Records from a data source
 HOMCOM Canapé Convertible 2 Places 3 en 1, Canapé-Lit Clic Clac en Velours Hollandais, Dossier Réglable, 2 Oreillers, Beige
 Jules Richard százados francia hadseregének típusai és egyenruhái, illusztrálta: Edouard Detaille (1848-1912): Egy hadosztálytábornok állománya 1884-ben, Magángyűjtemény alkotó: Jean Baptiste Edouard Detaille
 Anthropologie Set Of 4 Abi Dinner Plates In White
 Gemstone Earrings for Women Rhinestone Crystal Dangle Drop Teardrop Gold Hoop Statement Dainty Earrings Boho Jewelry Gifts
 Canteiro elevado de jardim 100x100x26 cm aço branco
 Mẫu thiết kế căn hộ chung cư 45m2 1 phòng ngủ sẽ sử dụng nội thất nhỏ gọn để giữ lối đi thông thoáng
* * *
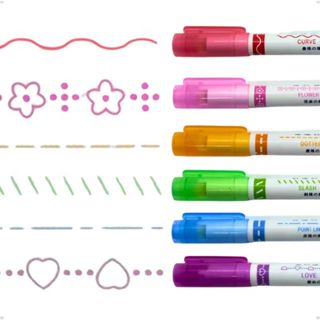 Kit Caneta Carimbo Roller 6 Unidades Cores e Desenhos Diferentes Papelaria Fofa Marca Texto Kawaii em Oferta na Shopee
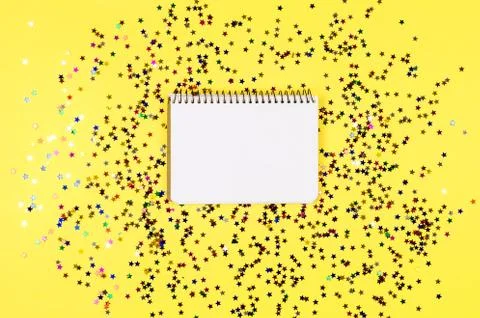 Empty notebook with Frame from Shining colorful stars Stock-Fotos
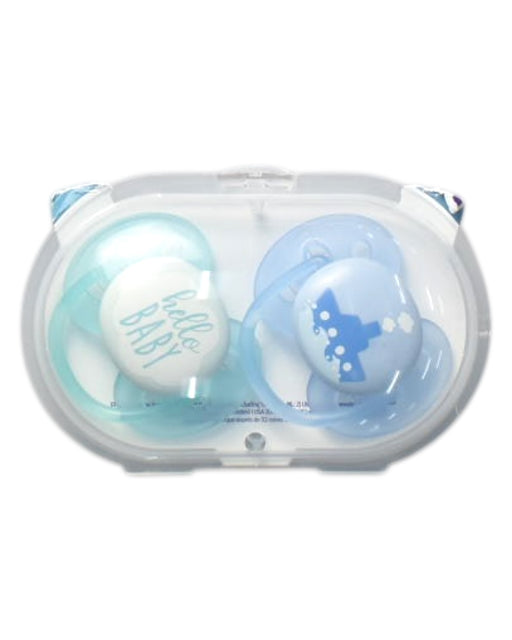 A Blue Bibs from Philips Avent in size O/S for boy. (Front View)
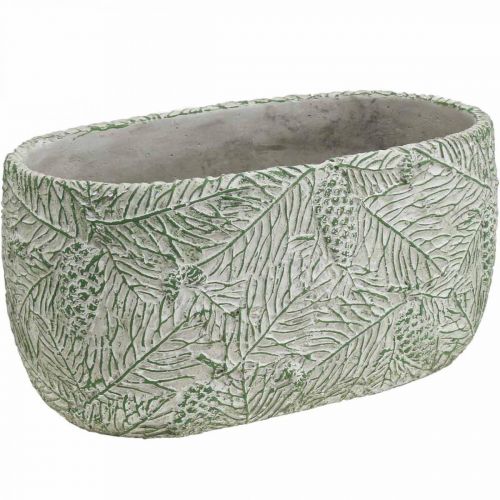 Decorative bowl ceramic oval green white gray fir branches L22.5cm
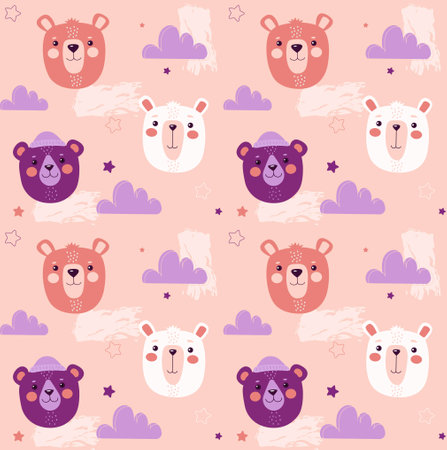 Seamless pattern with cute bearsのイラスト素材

*Task brief*: Out of the data above, give again only the lines starting at the one holding "HOMCOM Canapé Convertible" and ending at the one holding "Mẫu thiết kế", unchanged.

*Problem solution*:
 HOMCOM Canapé Convertible 2 Places 3 en 1, Canapé-Lit Clic Clac en Velours Hollandais, Dossier Réglable, 2 Oreillers, Beige
 Jules Richard százados francia hadseregének típusai és egyenruhái, illusztrálta: Edouard Detaille (1848-1912): Egy hadosztálytábornok állománya 1884-ben, Magángyűjtemény alkotó: Jean Baptiste Edouard Detaille
 Anthropologie Set Of 4 Abi Dinner Plates In White
 Gemstone Earrings for Women Rhinestone Crystal Dangle Drop Teardrop Gold Hoop Statement Dainty Earrings Boho Jewelry Gifts
 Canteiro elevado de jardim 100x100x26 cm aço branco
 Mẫu thiết kế căn hộ chung cư 45m2 1 phòng ngủ sẽ sử dụng nội thất nhỏ gọn để giữ lối đi thông thoáng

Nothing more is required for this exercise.